Beginning at the line containing "Contemporary Loveseat With", repeat each line below exactly up to and including the line containing "His Doe Couples". Do not repeat the pictures.

GIVEN RECORDS below:

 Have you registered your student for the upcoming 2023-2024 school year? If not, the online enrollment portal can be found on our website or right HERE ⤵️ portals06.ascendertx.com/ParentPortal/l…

End of GIVEN RECORDS.
GIVEN RECORDS below:

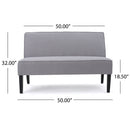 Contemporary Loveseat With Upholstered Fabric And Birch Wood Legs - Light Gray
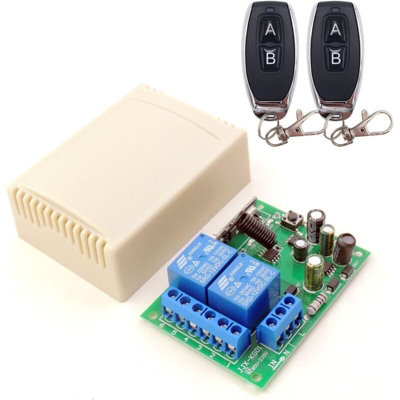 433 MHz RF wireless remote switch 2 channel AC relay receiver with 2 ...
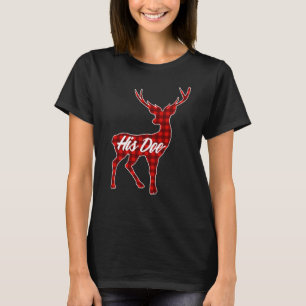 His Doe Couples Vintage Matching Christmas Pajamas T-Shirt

End of GIVEN RECORDS.
GIVEN RECORDS below:

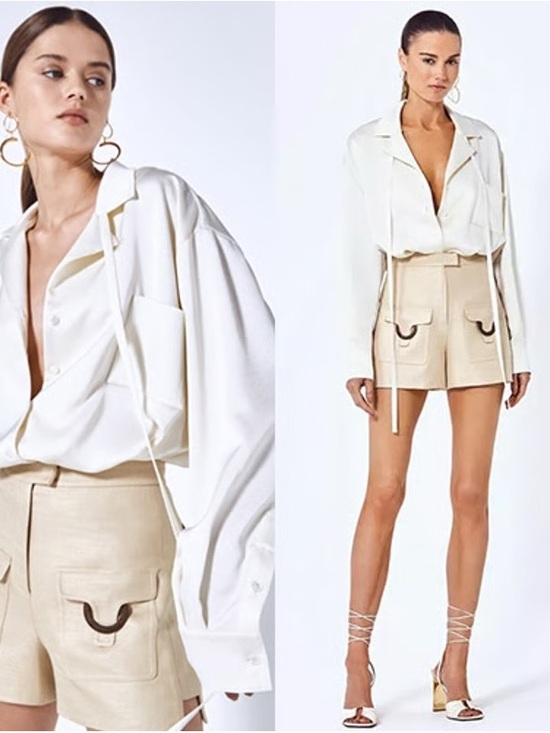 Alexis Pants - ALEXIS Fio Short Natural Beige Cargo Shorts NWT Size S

End of GIVEN RECORDS.

◆ **SOLUTION BELOW**
 Contemporary Loveseat With Upholstered Fabric And Birch Wood Legs - Light Gray
 433 MHz RF wireless remote switch 2 channel AC relay receiver with 2 ...
 His Doe Couples Vintage Matching Christmas Pajamas T-Shirt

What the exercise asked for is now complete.